**SUPPLIED DATA:**
::::::::

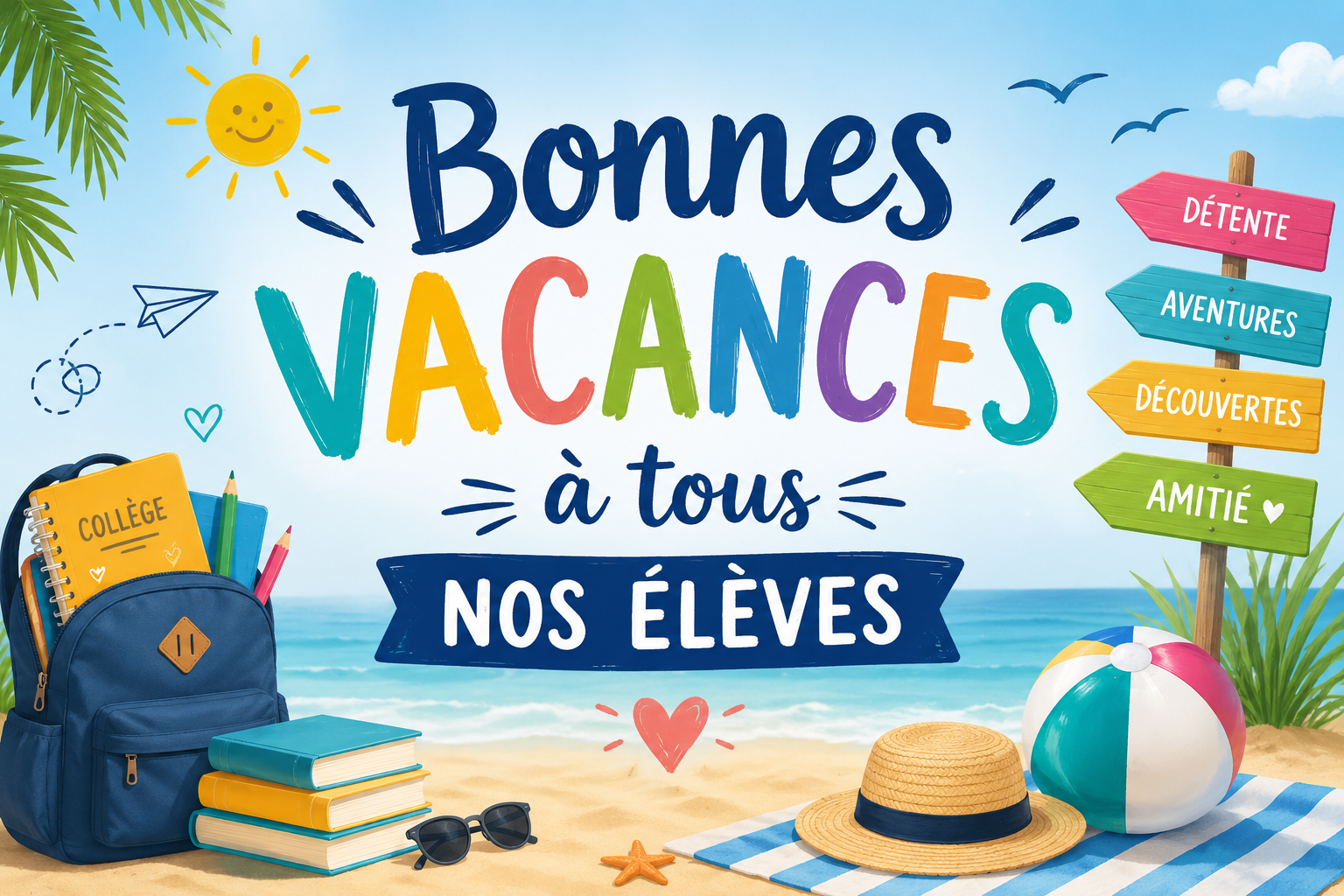 Lire la suite à propos de l’article Bonnes vacances à tous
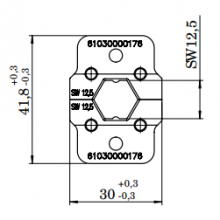 61030000176 | HARTING | INDUCOM - Crimp tool Insert 12.5 mm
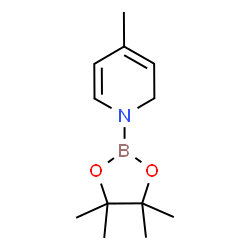 ChemSpider 2D Image | 1-(4,4,5,5-Tetramethyl-1,3,2-dioxaborolan-2-yl)-4-methyl-1,2-dihydropyridine | C12H20BNO2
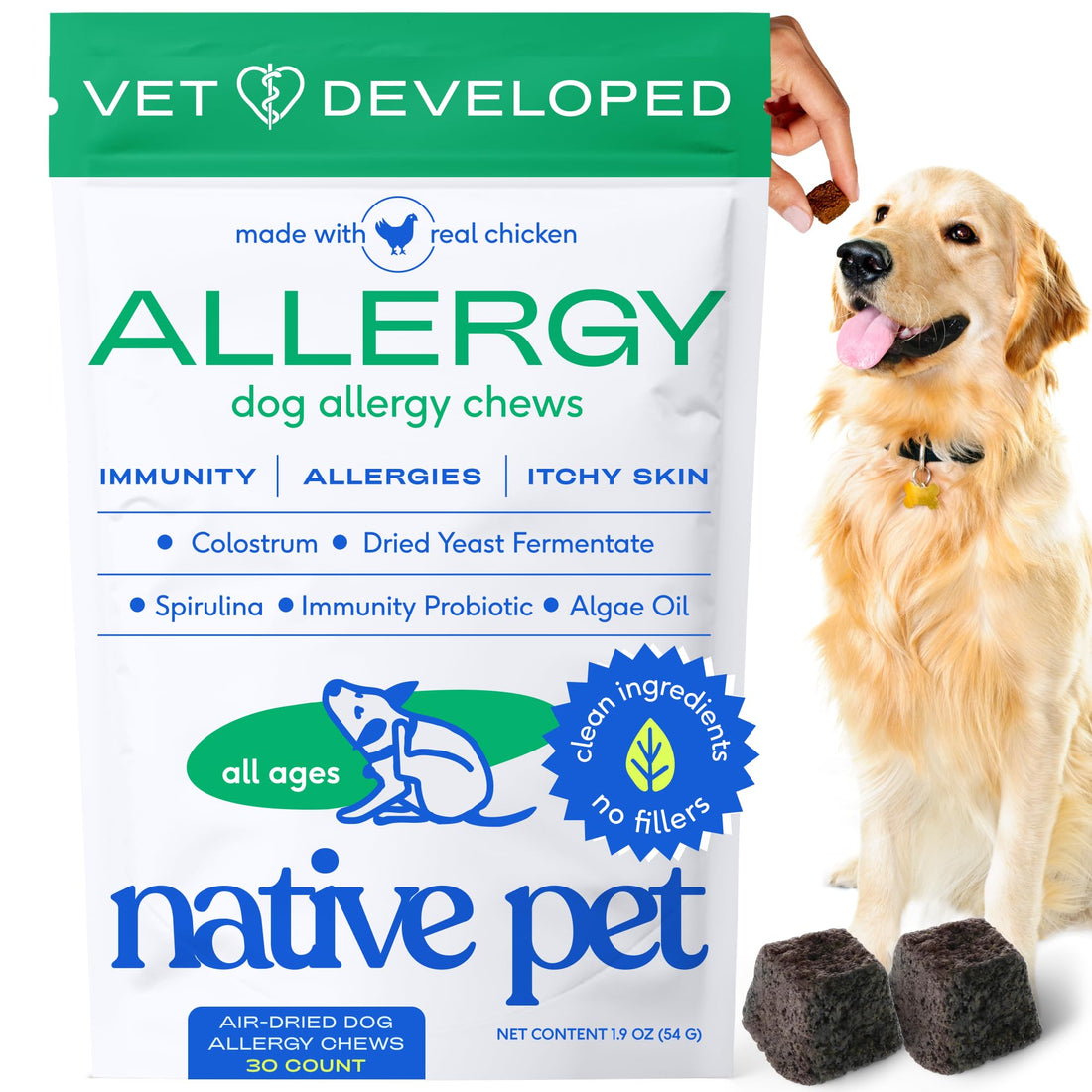 Native Pet Dog Allergy Chews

::::::::

**THE TASK:** An exact reproduction of the data above is required, with every picture removed.

**SOLUTION BELOW:**
 Lire la suite à propos de l’article Bonnes vacances à tous
 61030000176 | HARTING | INDUCOM - Crimp tool Insert 12.5 mm
 ChemSpider 2D Image | 1-(4,4,5,5-Tetramethyl-1,3,2-dioxaborolan-2-yl)-4-methyl-1,2-dihydropyridine | C12H20BNO2
 Native Pet Dog Allergy Chews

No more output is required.